MPI Execution
=============

HASEonGPU can distribute one ASE calculation over multiple MPI ranks.  MPI is
used to split the sample index range across ranks; each active rank can then
use one or more devices from the node on which that rank is running.

Dependencies and Build Configuration
------------------------------------

MPI execution requires an MPI implementation (``OpenMPI >= 4.0``) and an HASEonGPU build with MPI
support enabled.  The CMake option ``DISABLE_MPI`` controls this at build time:

``DISABLE_MPI=AUTO``
   Tries to find MPI.  If MPI cannot be found, the build continues without MPI
   support.

``DISABLE_MPI=OFF``
   Requires MPI.  Configuration fails if MPI is missing.

``DISABLE_MPI=ON``
   Builds without MPI support.

An MPI-enabled build links against the MPI C++ target found by CMake.  A
runtime started with ``--parallel-mode=mpi`` exits with an error if the binary
was built without MPI support.

Execution Model
---------------

MPI execution has two levels of distribution:

* MPI distributes the global sample index range across active ranks.
* Each rank divides its local sample range across the GPUs assigned to that
  rank.

For example, an input with 4210 samples and 2 active ranks creates two
rank-level ranges of roughly 2105 samples each.  If each rank owns four GPUs,
each rank then splits its 2105 samples across four worker threads and four
devices.

The GPU IDs shown in HASEonGPU output are local to each node.  A report such as
``rank 0 node ga008 ... assigned GPUs 0-3`` and ``rank 1 node ga009 ...
assigned GPUs 0-3`` means GPU IDs 0-3 on two different nodes, not the same four
physical GPUs.

Important Settings
------------------
These settings can be used in the pythonLegacy path or as arguments for the phiASE object.
Additionally they can be adjusted in a configuration yaml file if that setting is enabled.

``parallelMode``
   Selects the execution path.

   ``"single"`` runs without MPI communication.  The process uses up to
   ``numDevices`` devices on the local node.
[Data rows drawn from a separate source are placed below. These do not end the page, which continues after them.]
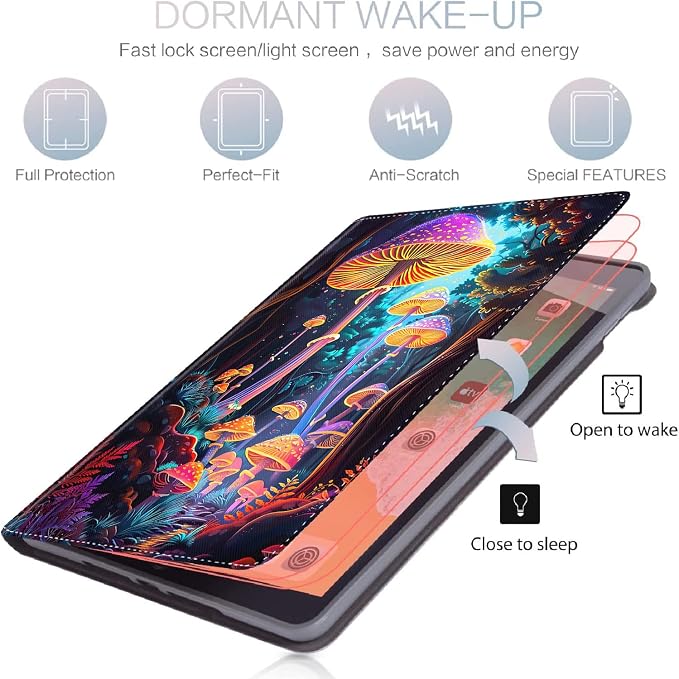 Case for iPad (A16) 11th Generation 11 Inch (2025) for iPad 10th Generation 10.9 Inch (2022) Slim Folding Stand Cover with Auto Wake/Sleep Corgi Dog Eating Ramen 2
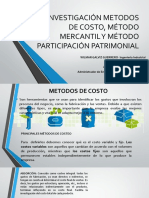 Investigación Metodos de Costo, Mercantil y Participación Patrimonial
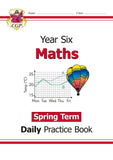 KS2 Maths Year 6 Daily Practice Book - Spring Term with Answer CGP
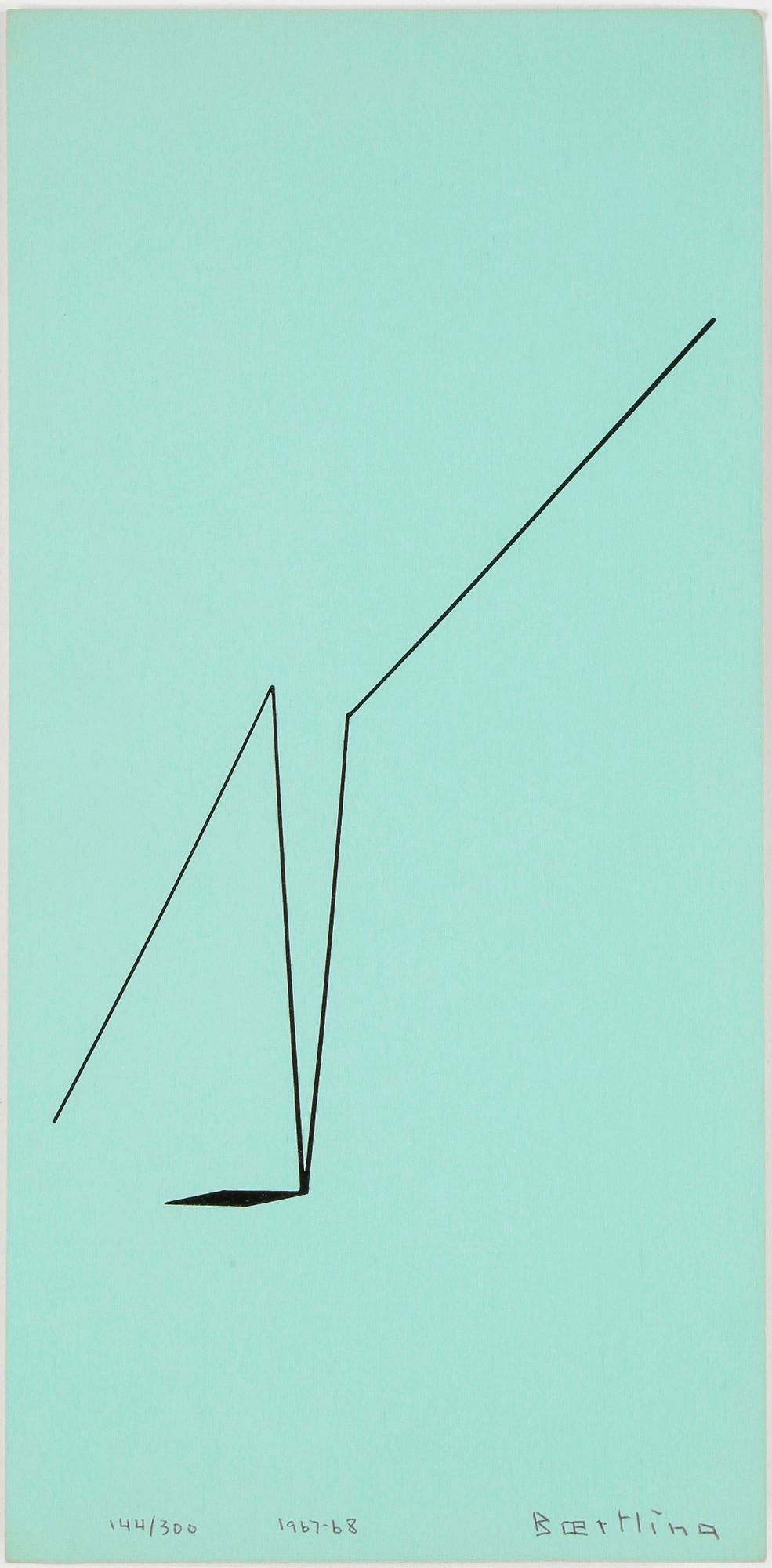 OLLE BAERTLING, färgserigrafi, 1967-68, signerad och numrerad 144/300.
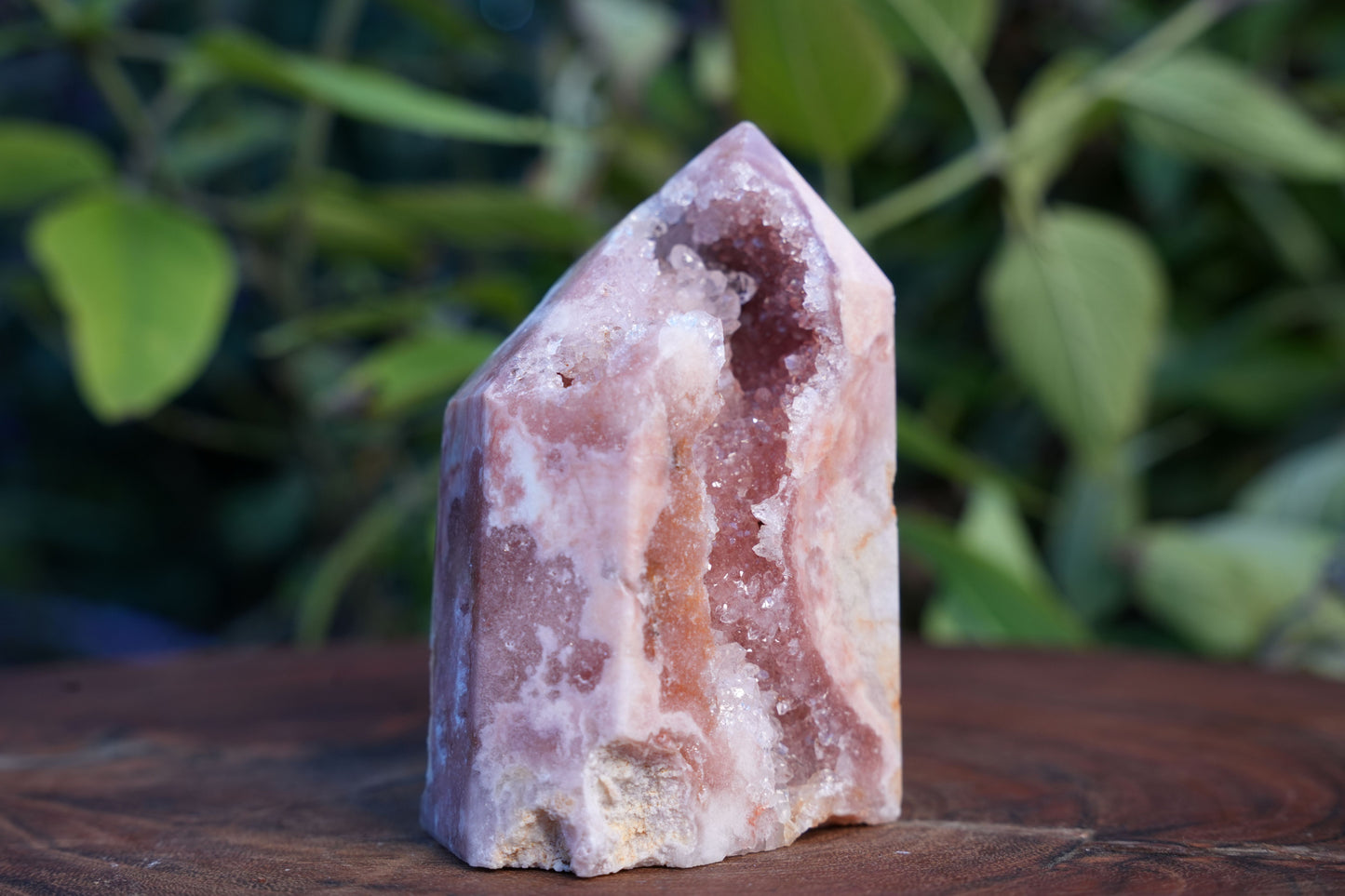 High Grade Druzy Pink Amethyst Tower | Reiki Infused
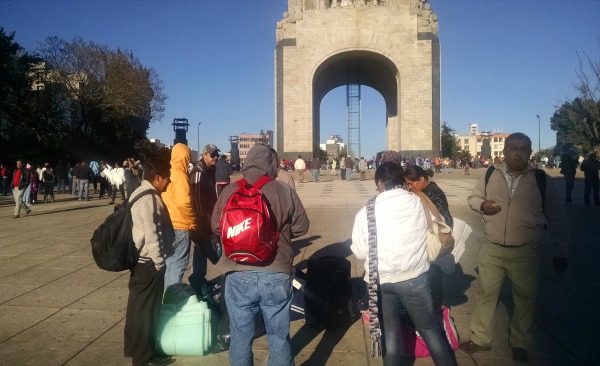 El secretario de la sección 22 del la CNTE, Francisco Villalobos, dijo que esperarán la llegada de todos los docentes para acordar si realizan un plan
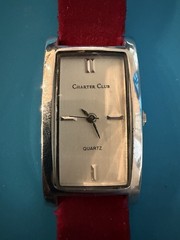 Charter Club Quartz Watch: Velvet Bracelet. See Description, Not Waterproof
   ``"mpi"`` uses MPI communication.  The executable must be launched by an MPI
   launcher such as ``mpiexec`` or by a scheduler that starts MPI tasks.  The
   sample range is split across active ranks.

``numDevices``
   Sets the maximum number of devices visible to one HASEonGPU process on its
   node.  In MPI mode, HASEonGPU first limits the local device list to
   ``numDevices`` and then distributes that local list across the ranks on the
   same node.

   With four visible GPUs per node:

   * 4 ranks per node and ``numDevices=4`` gives each rank one GPU.
   * 1 rank per node and ``numDevices=4`` gives that rank four GPUs.
   * 2 ranks per node and ``numDevices=4`` gives each rank two GPUs.

``nPerNode``
   Controls the number of MPI ranks launched per node in wrapper paths that
   call ``mpiexec``.  The legacy Python ``calcPhiASE(...)`` MPI path uses
   ``mpiexec -npernode nPerNode`` and then passes ``--parallel-mode=mpi`` to
   the ``calcPhiASE`` binary.

   ``nPerNode`` is a launcher setting, not a GPU count inside the C++ compute
   kernel.  After MPI has started the processes, the C++ executable detects the
   actual ranks per node from MPI and divides ``numDevices`` across those local
   ranks.

Common Usage Modes
------------------

In general, any variation of MPI ranks per node is supported. The two most
common usage modes are described below.

One MPI rank per device
^^^^^^^^^^^^^^^^^^^^^^^

This mode starts one MPI rank for each device. It is usually the faster option,
because each rank is responsible for driving a single device. For example, on
two nodes with four devices per node, this results in eight ranks in total and
one device per rank.

.. code-block:: text

   parallelMode = mpi
   numDevices = $devicesPerNode
   nPerNode = $devicesPerNode

Slurm allocation example:

.. code-block:: bash

   srun -N $numNodes \
        --tasks-per-node=$devicesPerNode \
        --gres=gpu:$devicesPerNode \
        --pty bash


One MPI rank per node with multiple devices per rank
^^^^^^^^^^^^^^^^^^^^^^^^^^^^^^^^^^^^^^^^^^^^^^^^^^^^

This mode starts one MPI rank per node and lets each rank use multiple devices.
Depending on the workload and host-side scheduling, this can be slower due to
thread contention inside a single rank. For example, on two nodes with four
devices per node, this results in two ranks in total and four devices per rank.

.. code-block:: text

   parallelMode = mpi
   numDevices = $devicesPerNode
   nPerNode = 1

Slurm allocation example:

.. code-block:: bash

   srun -N $numNodes \
        --tasks-per-node=1 \
        --cpus-per-task=$cpusPerTask \
        --gres=gpu:$devicesPerNode \
        --pty bash

For this mode, ``--cpus-per-task`` should be chosen significantly larger than
``$devicesPerNode``. Each MPI rank starts multiple host threads to drive multiple
devices. If the rank is bound to too few CPU cores, the run can become host-side
limited even though all devices are allocated.


Interpreting Output
-------------------

MPI-enabled HASEonGPU prints topology information in the ``[INFO]`` output:

.. code-block:: text

   [INFO] Active nodes             : 2
   [INFO] Active ranks             : 2
   [INFO] Active ranks per node    : 1 avg (min=1, max=1)
   [INFO] Active GPUs              : 8
   [INFO] GPUs per active rank     : 4 avg
   [INFO] GPUs per active node     : 4 avg (min=4, max=4)

.. code-block:: text

Runtime Considerations
----------------------

The two common layouts use the same total GPU count but do not always have the
same runtime:

* Many ranks with one GPU each create one host process per GPU.
* One rank with multiple GPUs creates multiple host threads inside one process.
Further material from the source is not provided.